Он пожал всем руки и вышел из комнаты.
В открытую дверь Николай увидел Леночку. В нем проснулся истосковавшийся мужчина.
– Леночка, ты здесь! Откуда?!
Он выскочил в прихожую, ловя Леночку за талию. Но она выкрутилась.
– Так что, мы с тобой встретимся сегодня? – жарко дыша ей в ухо, проговорил Николай, руки сами по себе трогали, где им вздумается. Леночка отпихнула Николая и отошла в сторону.
– Знаешь, Ссусь, мы вообще-то с Валентином пожениться решили. Денег я вроде заработала уже, а у него комната…
– Так он же… – Николай не нашелся, что сказать дальше.
– Да знаю, без тебя! Все мы не цветочки. Зато знаешь, Ссусь, как он бабью душу понимает?! А для семейной жизни это главное.
Леночка повернулась и пошла в комнату Валентина. Дверь закрылась, и Николай остался один в коридоре. Из кухни вышла женщина высокого роста, в ватнике. Он не сразу признал дворничиху тетю Катю.
– Эй, парень, – обратилась она к Николаю грубым простуженным басом. – Тут это… Федьку пьяного экскаватором перерубило. Умер. Жена просила… Ты скажи этому… чтоб оживил… Федьку-то. Жена говорит – денег не пожалею. Скажи, чтоб оживил, – она трясла Николая за рукав. – Скажи!..

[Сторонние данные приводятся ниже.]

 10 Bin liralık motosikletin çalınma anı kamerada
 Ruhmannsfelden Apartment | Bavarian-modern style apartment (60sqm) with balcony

В голосе ее слышалась угроза.
– Скажу, скажу, – пятясь, пообещал Николай, – придет, оживит Федьку… Обязательно оживит.
Он рванул за ручку дверь и, боясь дворничихи, стремительно вышел… но оказался почему-то на лестнице. Дверь сзади захлопнулась. Николай метнулся назад и с удивлением заметил, что руки у него заняты. В одной руке у него была дорожная сумка, а в другой – пищущая машинка. "Что это я? Съезжать собрался, что ли?" Стоя перед закрытой дверью, он уловил сзади какое-то движение и, обернувшись, увидел спускающуюся по лестнице старуху с ломом. Не в первый уже раз он видел ее в сомнамбулистическом сне, блуждающей без смысла. Но сейчас она шла за ним. Это он почему-то понял. И хотя лом по-солдатски покоился у нее на плече, приготовлен он был для Николая. И душераздирающе страшным показался ему зазубренный серп за поясом священной старухи… и ее власть над всем этим "квадратом", из которого не возвращаются.

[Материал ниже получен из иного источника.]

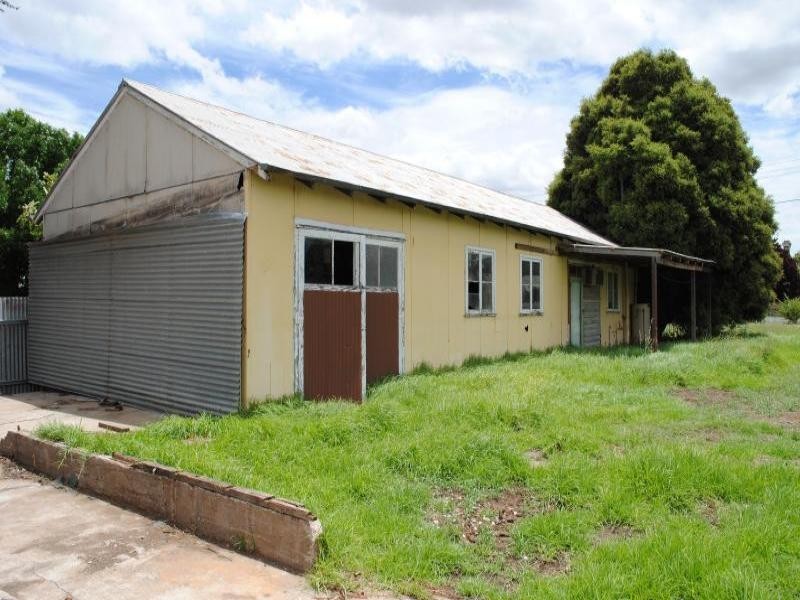 58 Hovell Street, Cootamundra NSW 2590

– А почему, собственно, не возвращаются? – сказал я, прочитав последнюю фразу и отложив шариковую ручку. – Я-то вернулся.
Я осмотрелся по сторонам.
– Боже мой!
Вернулся я, оказывается, в комнату выселенного дома. На полу валялся мусор, кое-где половицы были выворочены, обои сорваны… Словом, комната выглядела так, будто ее покинули давно и навсегда. На потертом круглом столе, оставленном жильцами, лежала толстая кипа исписанных листов.
За окном смеркалось. На меня вдруг нашло – бывает такая ерунда: забредешь в незнакомое место и чувствуешь, что словно уже был здесь и то же самое видел, а видеть не мог, потому что не был никогда. Вот и сейчас мне такая ерунда причудилась. Я пролистнул исписанные страницы. Строчки были ровными, без помарок, будто чужой рукой. Я удивился, сложил рукопись в папку и, поднявшись из-за стола, прошелся по комнате. Была она не такая уж и захламленная. Это сначала, в начинающихся сумерках, она показалась мне чересчур запущенной.
Под ноги попалось что-то мягкое, я отступил и, наклонившись, пригляделся. Это оказался завязанный узлом носовой платок. Я отпрянул. Что такое?! Изумленно осмотрелся по сторонам. Так и есть. Тот самый круглый стол, только без скатерти. А вот здесь стояла софа. В углу шкаф, полный завязанных узлами носовых платков…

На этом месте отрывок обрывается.